His company, Indonesia’s fifth-biggest exporter of the power-station fuel, is considering closing its largest pit where almost half its production last year was sourced. The world’s biggest exporters, Glencore Xstrata Plc, Rio Tinto Group and BHP Billiton Ltd., have either halted coal operations or shelved expansion plans amid the price decline.

“This is crunch time for our business and the coal industry,” Von Schirnding said today. “Our most challenged pit is Lati, and that we are looking at very, very carefully. Clearly if thermal-coal prices continue at this level for a significant time, we are, as others are, going to be very challenged.”

Prices last week dropped to about $73 a metric ton, the lowest since November 2009, amid a supply glut that’s projected by UBS AG to be the equivalent of 4 percent of annual seaborne trade this year. Asia Resource Minerals today reported a wider full-year underlying loss of $173 million after selling coal for 16 percent less than in 2012.

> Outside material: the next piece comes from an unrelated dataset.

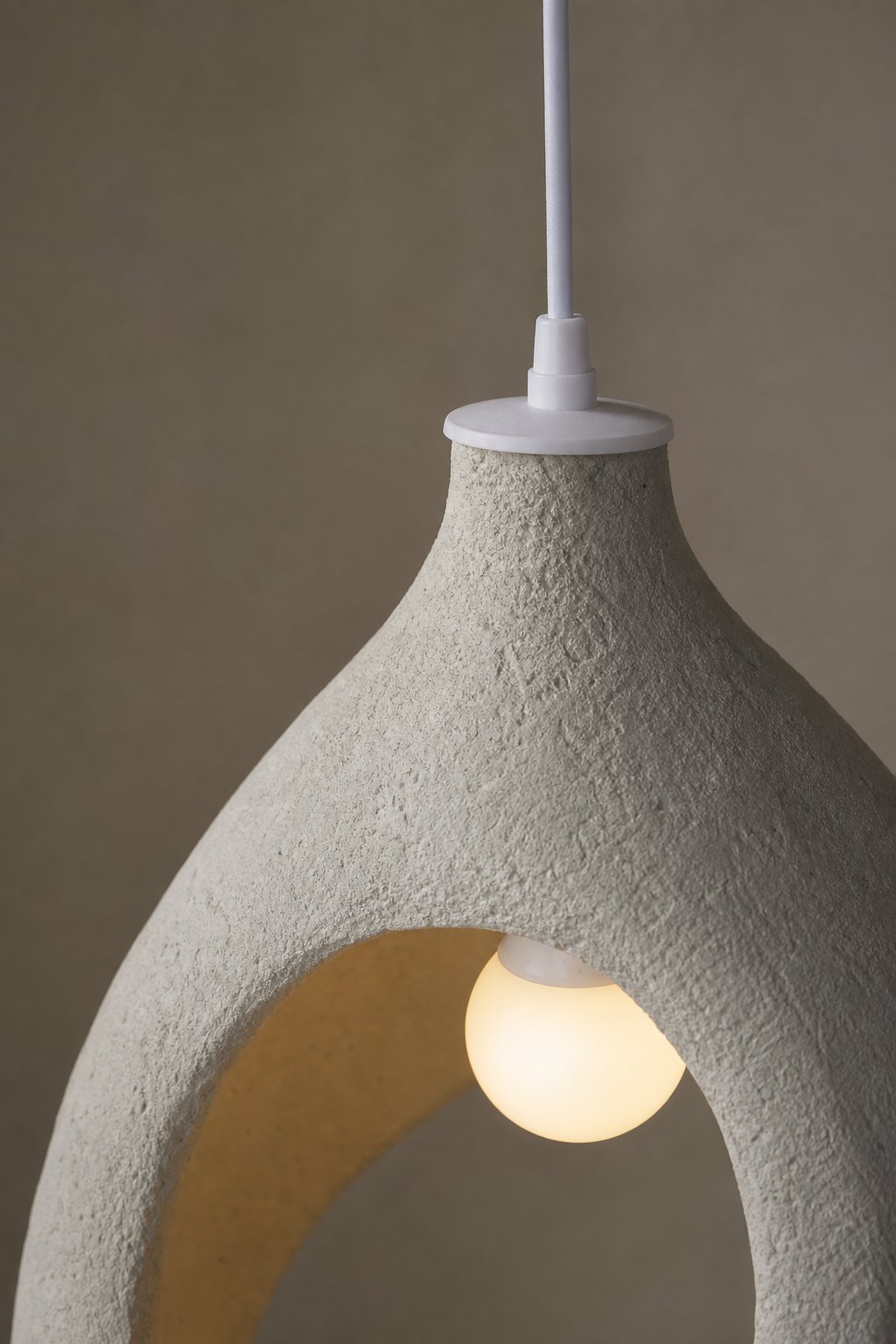 Maison Moya - Anneau Open-Form Sculptural Pendant Lamp - closeup detail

“We are just break-even, but if this level of thermal-coal price continues for the rest of the year, and bear in mind we haven’t been above $80 this year, we may well have to take further action,” Von Schirnding said on a conference call. The company is currently “marginally profitable,” he said.

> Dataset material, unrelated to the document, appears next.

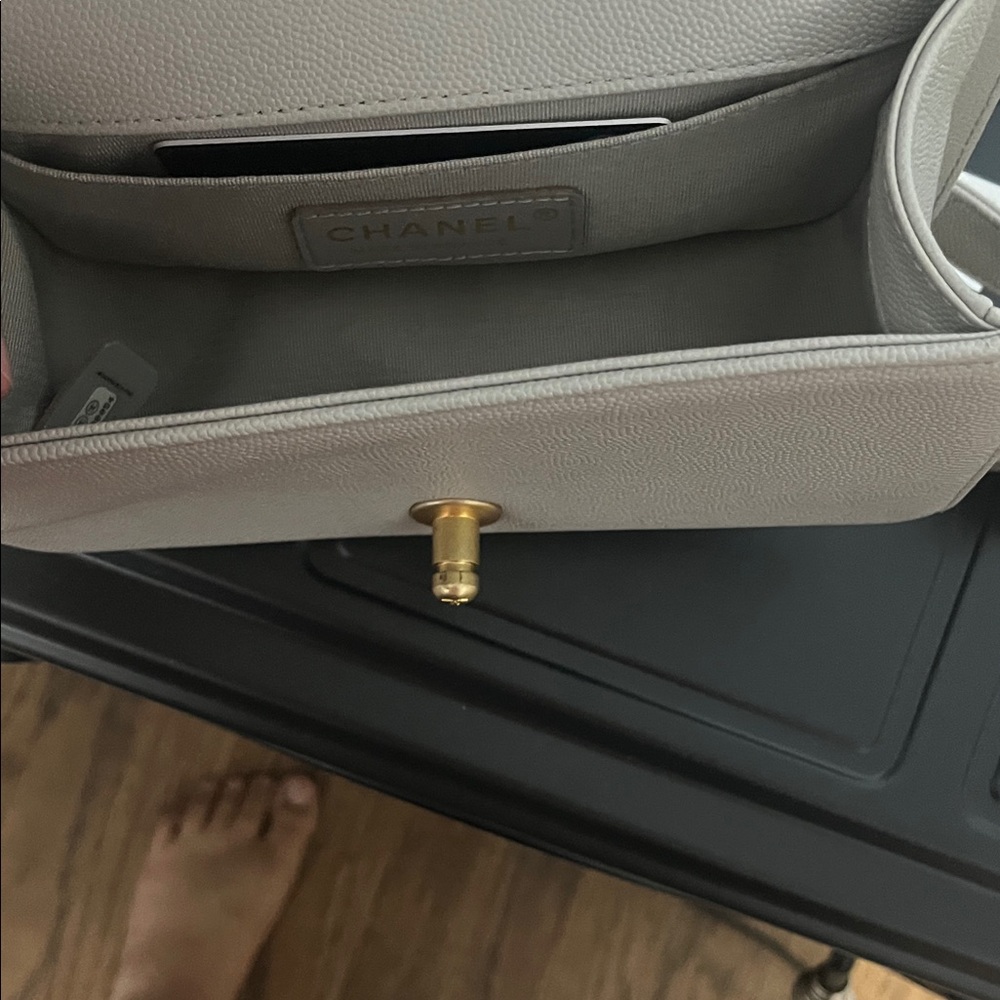 CHANEL Beige Quilted Crossbody Bag with Gold Chain - Picture 2 of 16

Asia Resource Minerals advanced 1.3 percent to 238 pence by the close in London, valuing the company at 574 million pounds ($955 million).

Bakrie Deal

The company was founded by U.K. financier Nathaniel Rothschild and Indonesia’s Bakrie family three years ago. A long-delayed $501 million deal to unwind that transaction by severing ties with the Bakries was completed this week. The company has promised to return more than $400 million of the proceeds to investors.

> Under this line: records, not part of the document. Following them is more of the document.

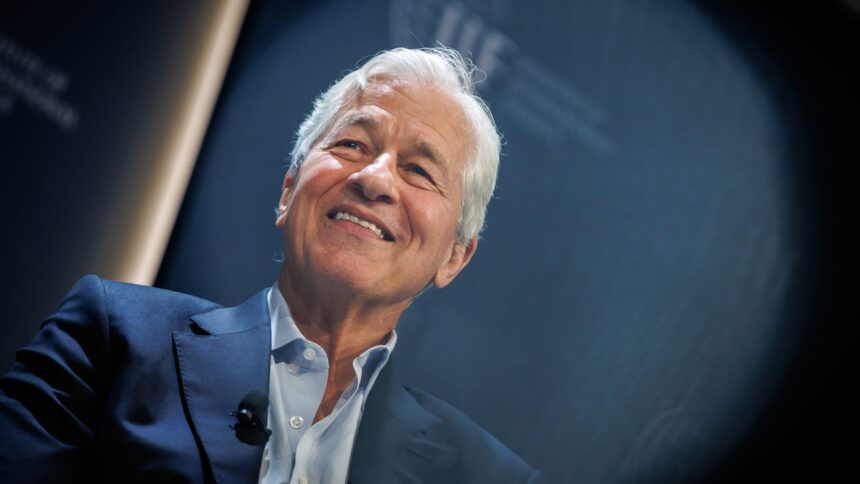 jpmorgan reaches deal to become apple credit card issuer source says 695eccab7599e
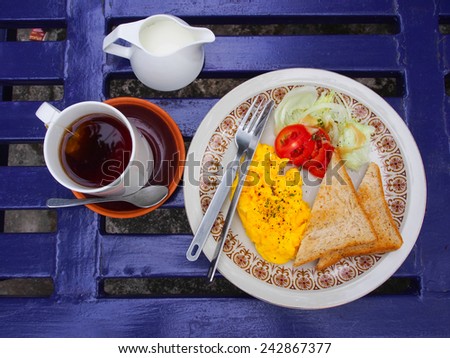 American Breakfast with English Tea and Fresh Milk is ideal morning Breakfast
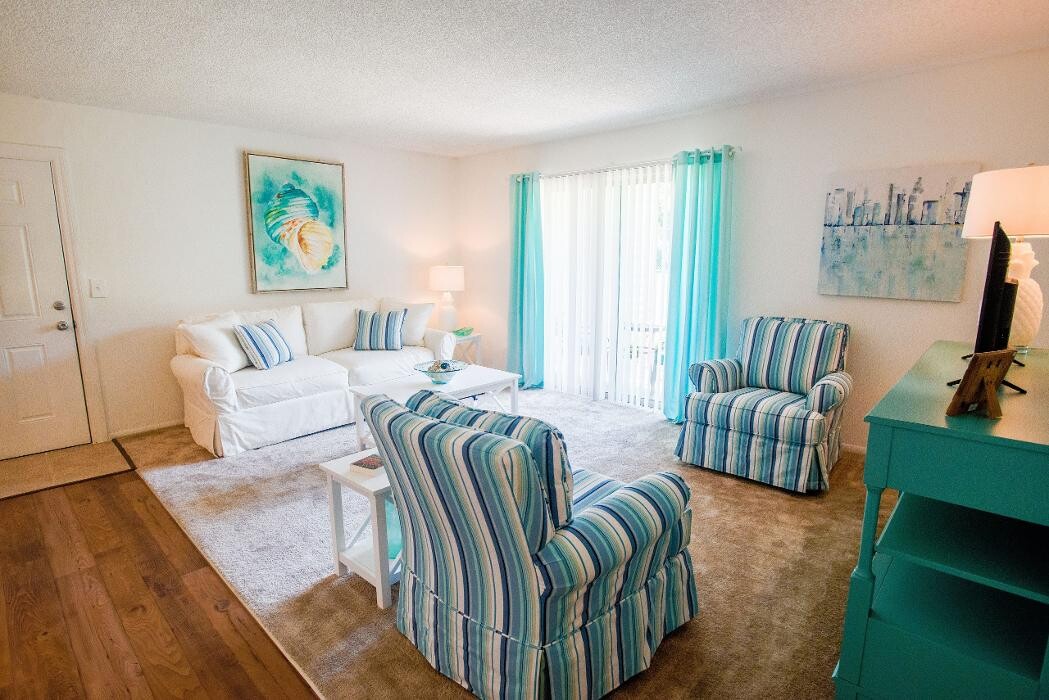 Images Woodlake Villas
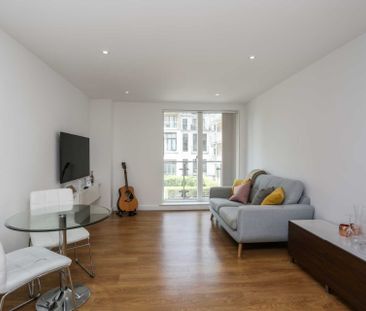 Price £1,750 pcm - Available 31/10/2025 - Furnished - Photo 2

The CEO said he told managers at Asia Resource Minerals’ PT Berau Coal Energy unit in Indonesia three weeks ago that the company must “adapt or die,” given the depressed state of the coal market. He wants to cut costs across the group by about 10 percent and the company is in talks with contractors to reduce overheads. It owns 85 percent of PT Berau.

Operating costs there last year were about $60 a ton and the company gets an average of about $56 or $57 a ton for its sales at current prices, given a discount applied to Berau’s coal, Von Schirnding said.

Berau’s Lati mine, the biggest of its three pits, produced 10.4 million tons of coal last year, out of a total output of 23.5 million tons.